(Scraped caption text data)
● ● ● ●

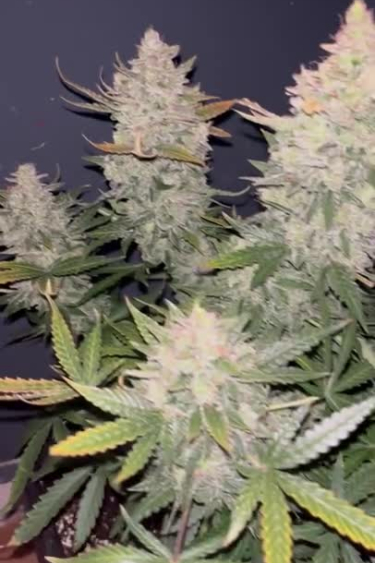 Blue Dream Auto - Multiple Large Colas at Peak Flower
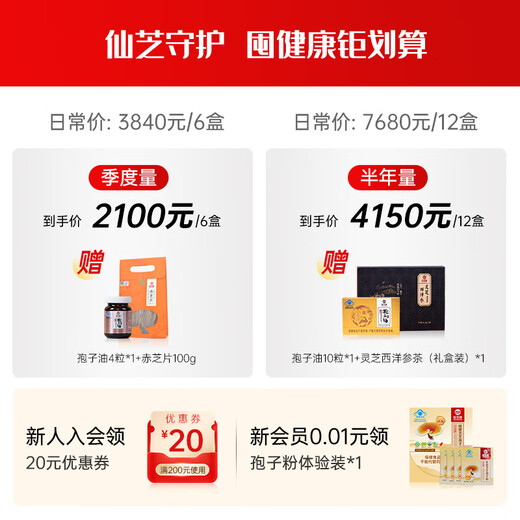 Xianzhilou Xianzhi Marke [National Standard-Einstellung, 10% Triterpene] Break-Block-Ganoderma lucidum-Spore-Pulverkapseln zur Verbesserung der Gesundheitsprodukte immunität 12 Kisten 576G [Halbjahresmenge] Familienernährung Familienernährung
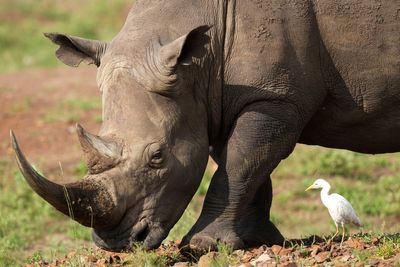 Zebra killed after being impaled by rhino at UK zoo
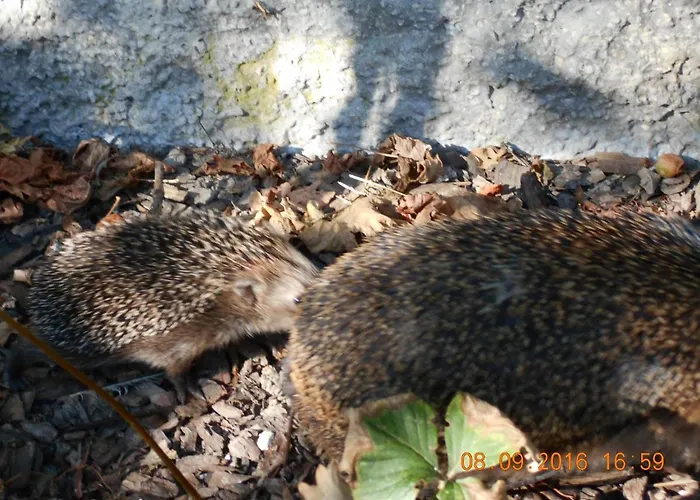 Appartement Vermiete Sehr Schoenes In Im Harz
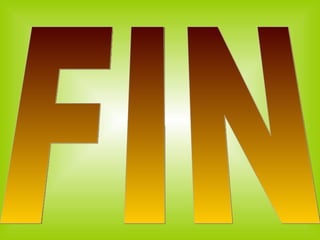 FIN 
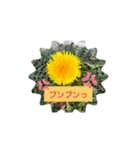 タンポポ〜んっ（個別スタンプ：31）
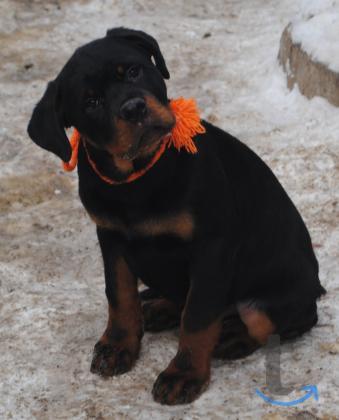 Объявление: Крутые щенки ротвейлера в Челябинске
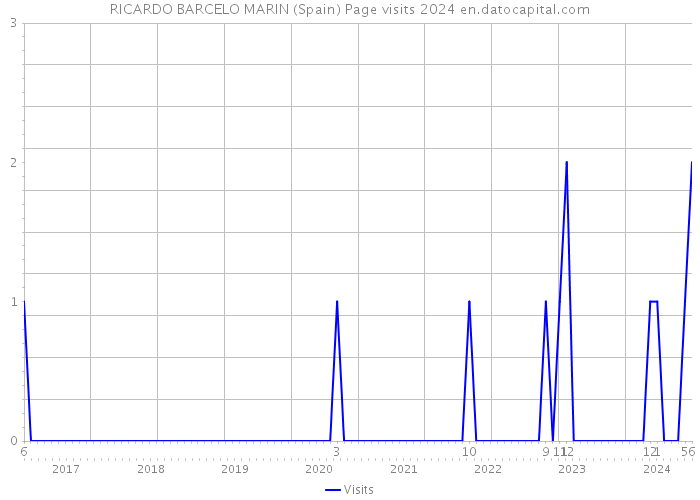RICARDO BARCELO MARIN (Spain) Page visits 2024 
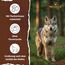 WOLFSBLUT – Wild Duck Adult | Trockenfutter mit natürlichen Zutaten und Superfoods für ausgewachsene Hunde. Getreidefreies Alleinfutter ohne Zusatzstoffe im Beutel | 2kg Ente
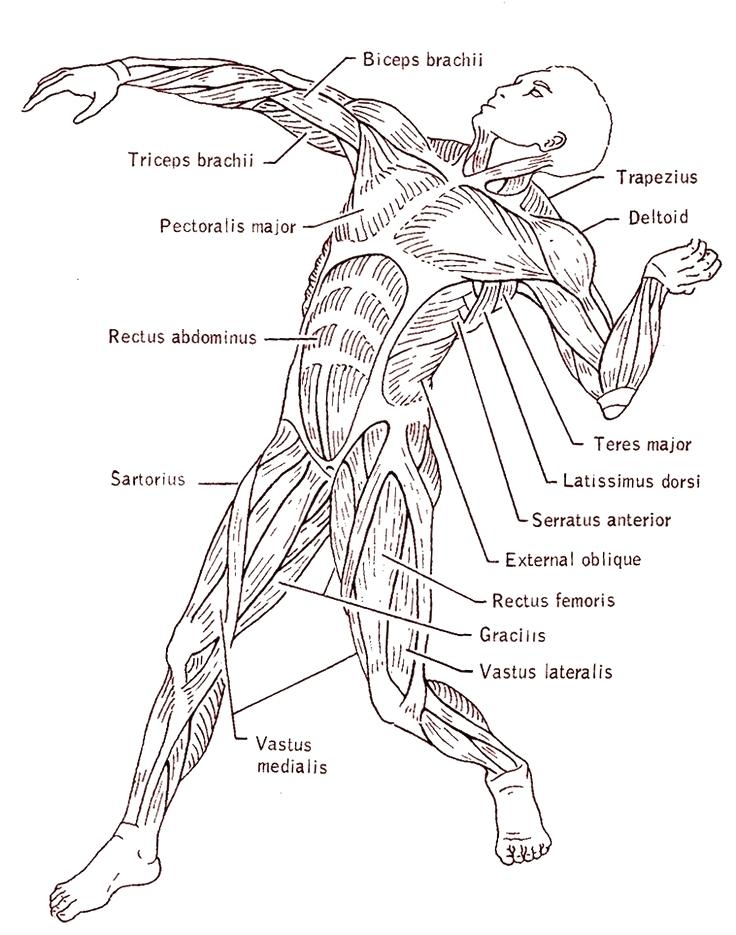 Printable Muscle Coloring Pages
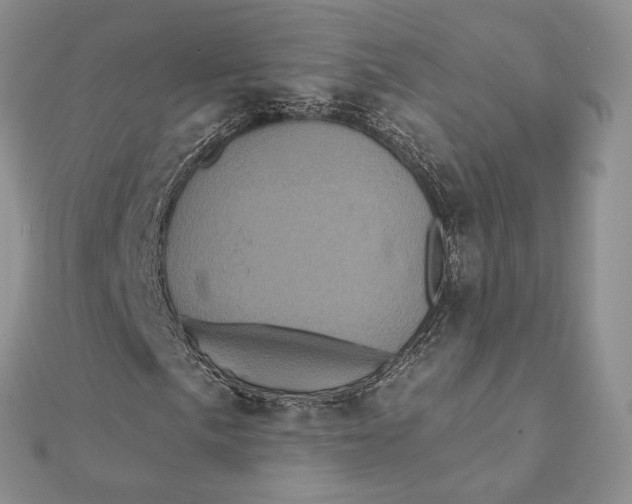 X0000112351057200909031844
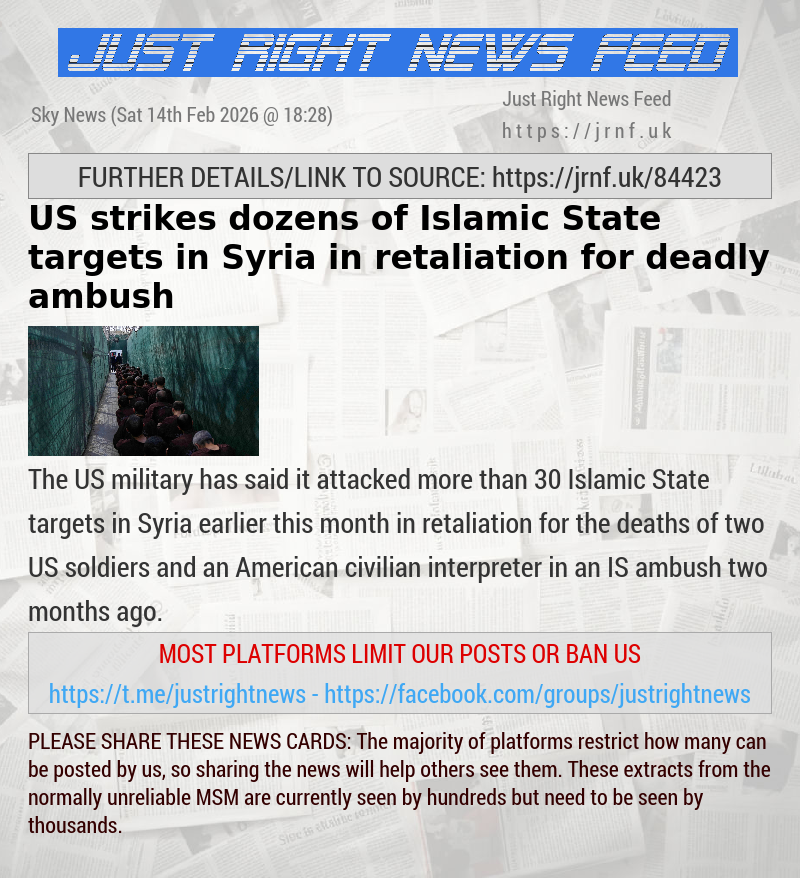 US strikes dozens of Islamic State targets in Syria in retaliation for deadly ambush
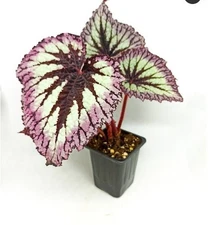 Rex Begonia Live Fireworks Hybrid Tropical Indoor Unusual Plant In 2.5'' Pot
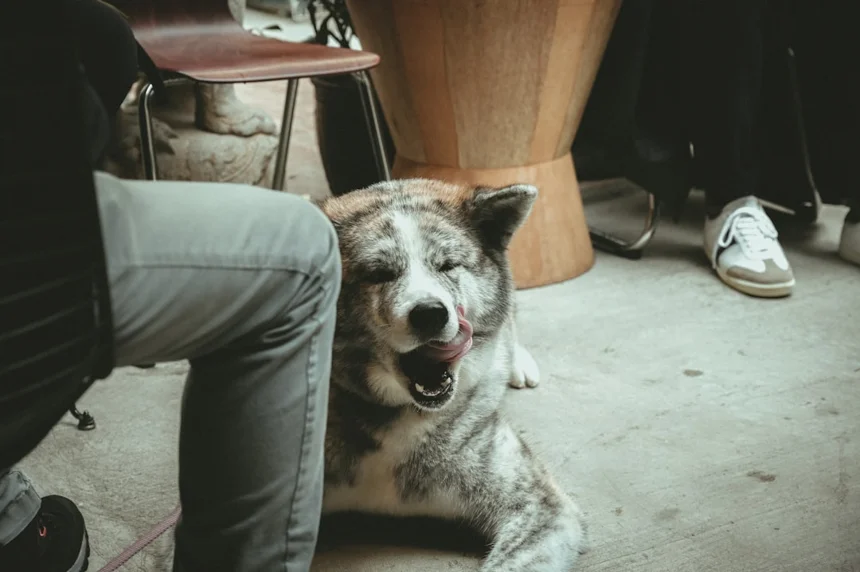 Dog Café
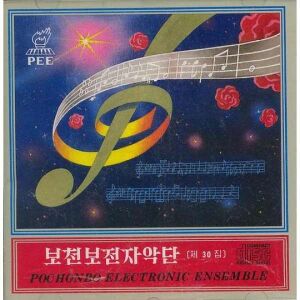 보천보전자악단 30집.jpg
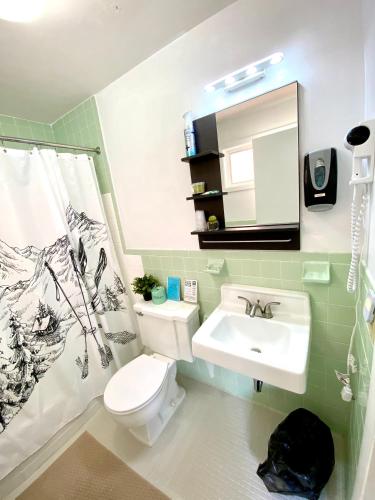 a bathroom with a sink and a toilet and a mirror at Snowdon Chalet Motel in Londonderry
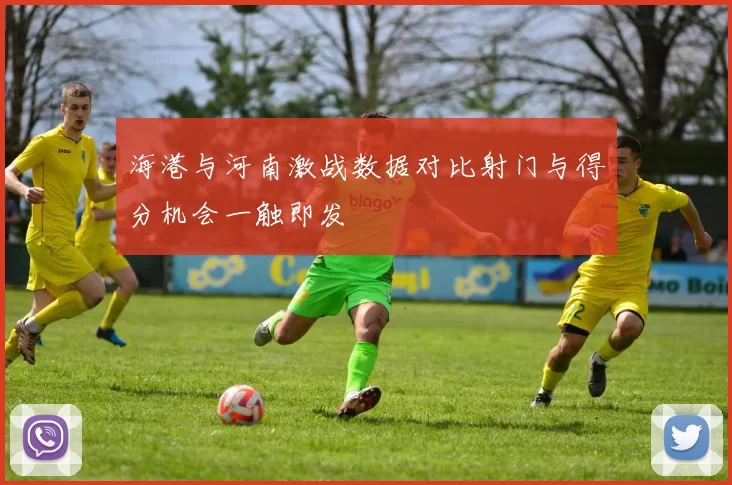海港与河南激战数据对比射门与得分机会一触即发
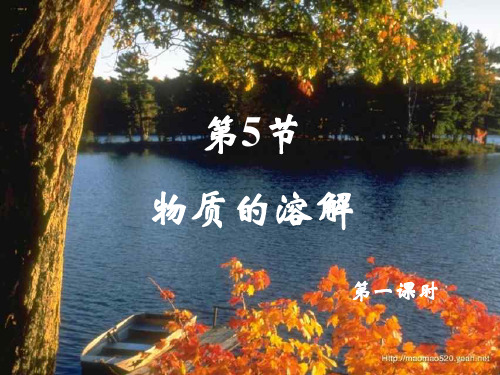 初中科学浙教版八年级上册物质的溶解ppt课件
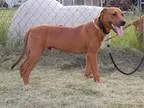 Adopt Frack a RedGoldenOrangeCh estnut Vizsla  Redbone Coonhound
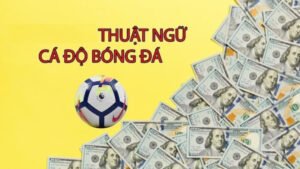 Tổng hợp các thuật ngữ cá cược bóng đá thường dùng nhất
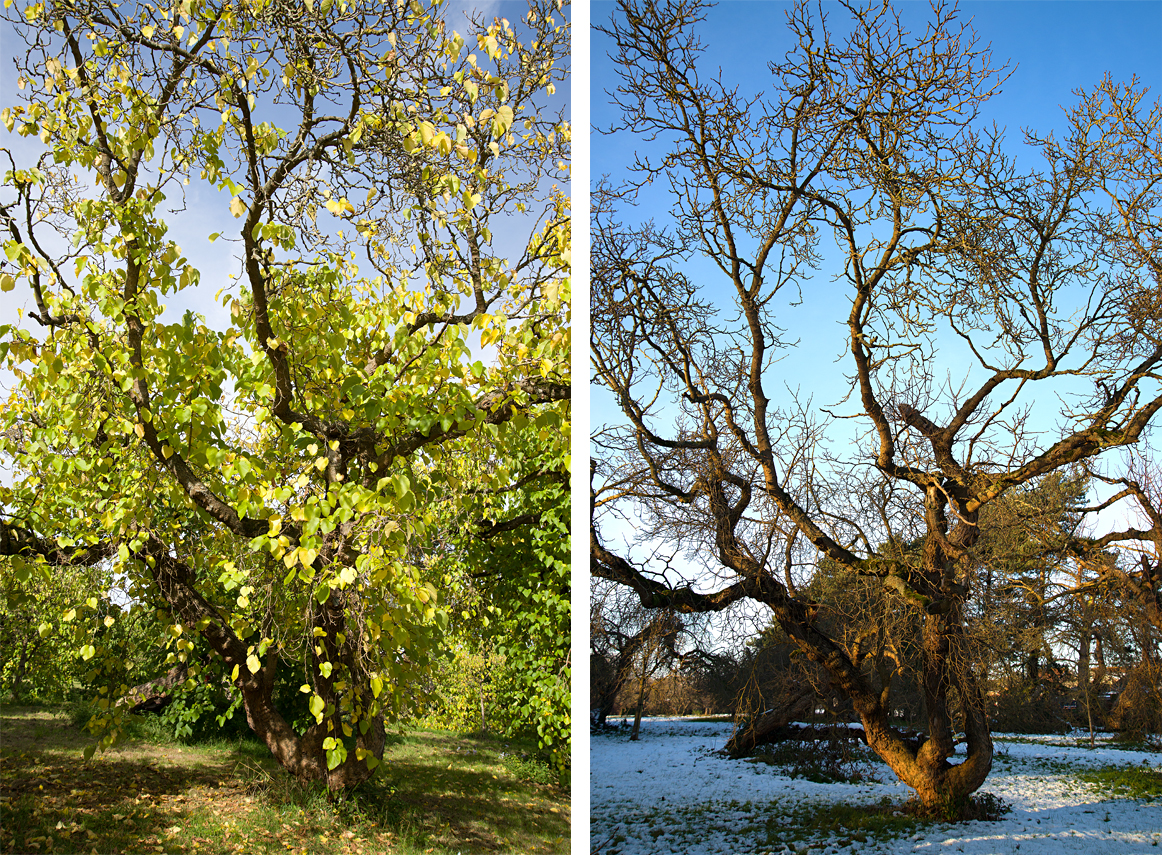 a tree in autumn and winter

● ● ● ●

● **TASK STATEMENT**:
With pictures excluded, the lines running from the one containing "보천보전자악단 30집.jpg" through the last line of the records above are to be restated exactly and in full.

● **ANSWER FOR THIS EXERCISE**:
 보천보전자악단 30집.jpg
 a bathroom with a sink and a toilet and a mirror at Snowdon Chalet Motel in Londonderry
海港与河南激战数据对比射门与得分机会一触即发
 初中科学浙教版八年级上册物质的溶解ppt课件
 Adopt Frack a RedGoldenOrangeCh estnut Vizsla  Redbone Coonhound
 Tổng hợp các thuật ngữ cá cược bóng đá thường dùng nhất
 a tree in autumn and winter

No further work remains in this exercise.